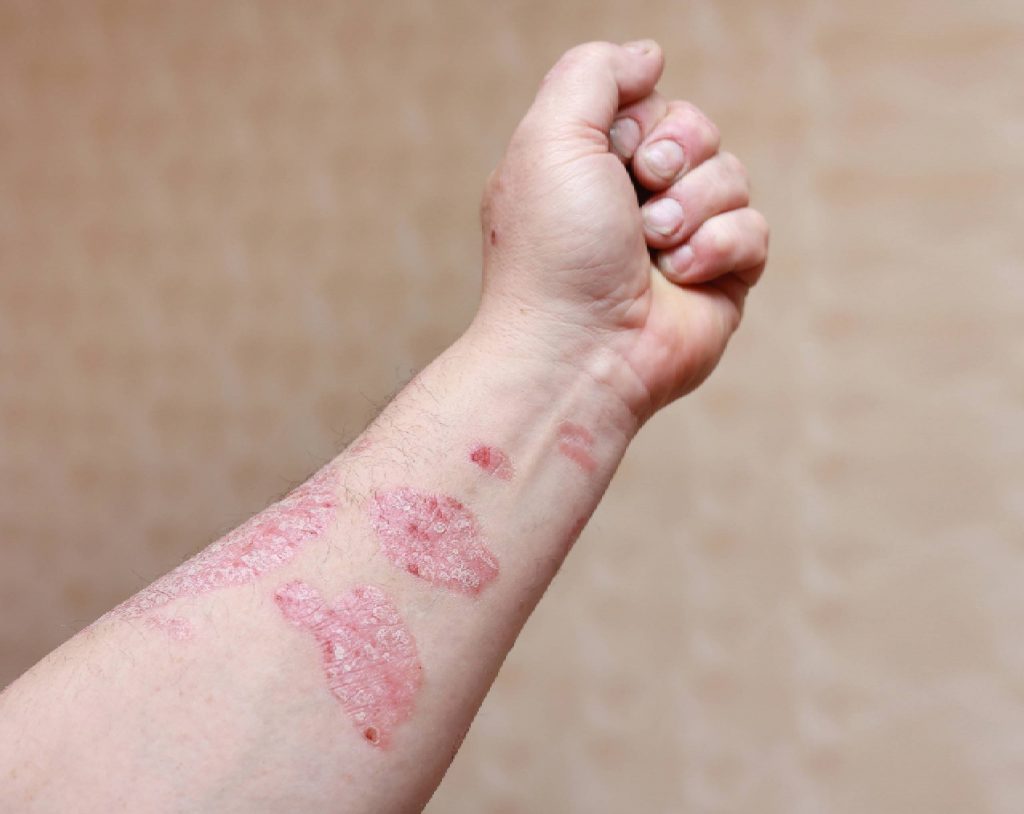 psoriasis-sintomas-y-causas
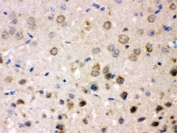 IHC testing of FFPE mouse brain with FE65 antibody. HIER: Boil the paraffin sections in pH 6, 10mM citrate buffer for 20 minutes and allow to cool prior to staining.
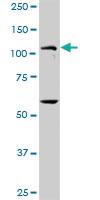 Anti-PKN1 Rabbit Polyclonal Antibody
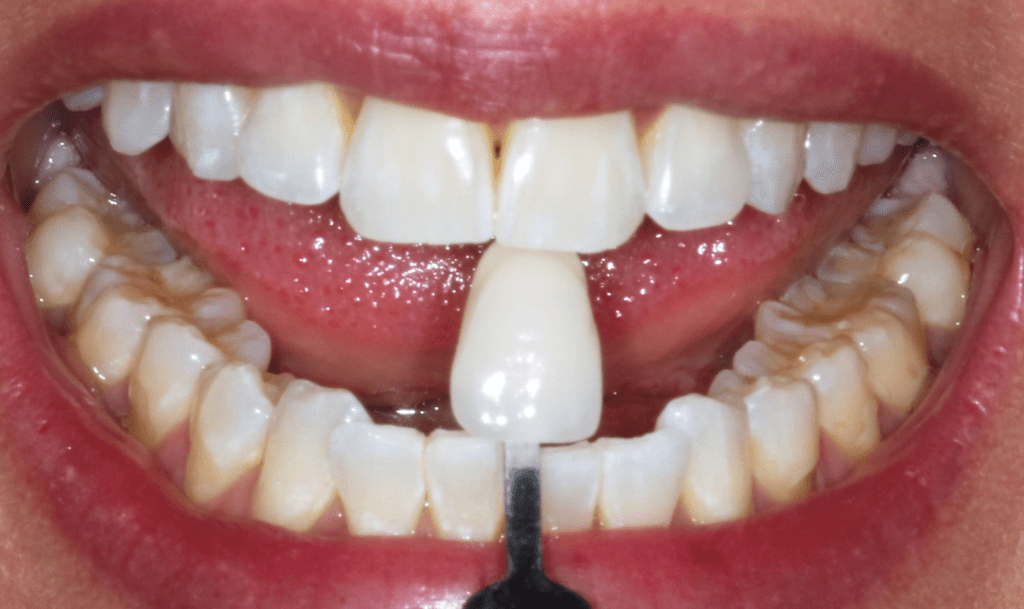 5 Things to Know About Tooth Whitening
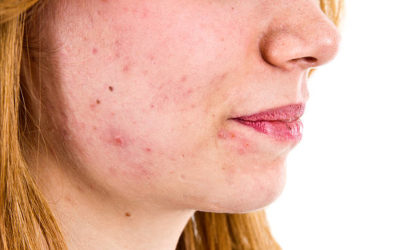 Traitements des Cicatrices d’Acné : Réduisez les marques de votre peau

§ Requirement
Your answer is an exact copy of the records above, stripped of pictures.

§ Solution
 psoriasis-sintomas-y-causas
 IHC testing of FFPE mouse brain with FE65 antibody. HIER: Boil the paraffin sections in pH 6, 10mM citrate buffer for 20 minutes and allow to cool prior to staining.
 Anti-PKN1 Rabbit Polyclonal Antibody
 5 Things to Know About Tooth Whitening
 Traitements des Cicatrices d’Acné : Réduisez les marques de votre peau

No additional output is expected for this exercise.